Ninja Foodi: Sriracha BBQ Chicken Wings (from raw frozen!)

This was the first item I made in the Ninja Foodi using both the pressure and air fryer features. In retrospect, it tastes as though I should have marinated the frozen chicken wings first, as they were bland and tasteless without the BBQ sauce that I added later in the air crisping step of this recipe. The crazy part is cooking frozen meat to perfectly cooked in the Ninja Foodi.

The cooking times on this recipe needs additional testing. After the pressure cooking phase, the wings were done. Any air frying would have added additional heat and time, making these somewhat dried out but "looking" the part of being broiled or fried. Total cooking time is too long if you want the outcome to be tender but crispy chicken wings.


TheFoodening Blog - Ninja Foodi Sriracha BBQ Chicken Wings
Recipe adapted from the basic Ninja Foodi cookbook that came with the unit.

Recipe: Fail

This is a fail because total cooking time is 40+ minutes -- the same amount of time that an oven-based recipe uses to get chicken to a minimum 165 F.

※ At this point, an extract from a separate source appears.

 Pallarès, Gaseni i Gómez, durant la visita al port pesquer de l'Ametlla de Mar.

The original recipe calls for frozen chicken breasts which much denser than chicken wings. The cook time could have been halved for each step: PC and AF. And, the chicken, while frozen and raw, could have been marinated at least a half hour before cooking. The "fixed" directions, time, and temps are noted below.

Ingredients

2 lb raw chicken wings
1-2 c BBQ sauce (I used Trader Joe's Sriracha BBQ sauce)
1 c water
additional sriracha sauce, optional for more spicy

Add 1 c of bbq sauce and chicken wings to a resealable plastic bag or food storage container. Let the wings marinate for 30 minutes or longer in the fridge. In my first attempt, I did not marinate before cooking and applied the sauce at the Air Crisper step.

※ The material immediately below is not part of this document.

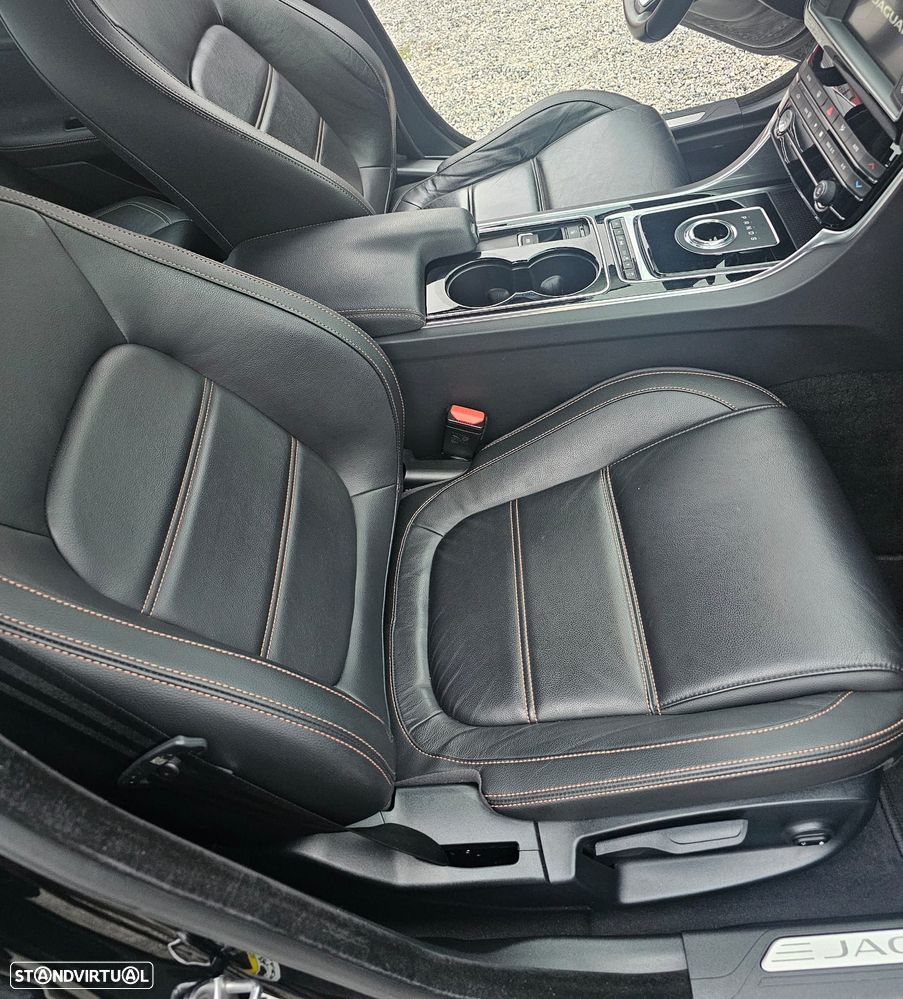 Jaguar XE 2.0 D Prestige AWD Aut. - 18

Pressure Cooker Directions

Place fry basket in pot. Add water to pot and chicken to fry basket. Select "Pressure" and "Hi". Set timer for 10 minutes. Start.

10 minutes natural release, then quick release.

Remove pressure cooking lid.

Air Crisper Directions

Select "Broil", Temp to 400 F, and Time for 10-15 minutes.

Toss or use a silicone pastry brush to apply more BBQ sauce to the wings.

Check at 5 minute intervals to see how crispy the wings are getting. Serve with additional BBQ sauce.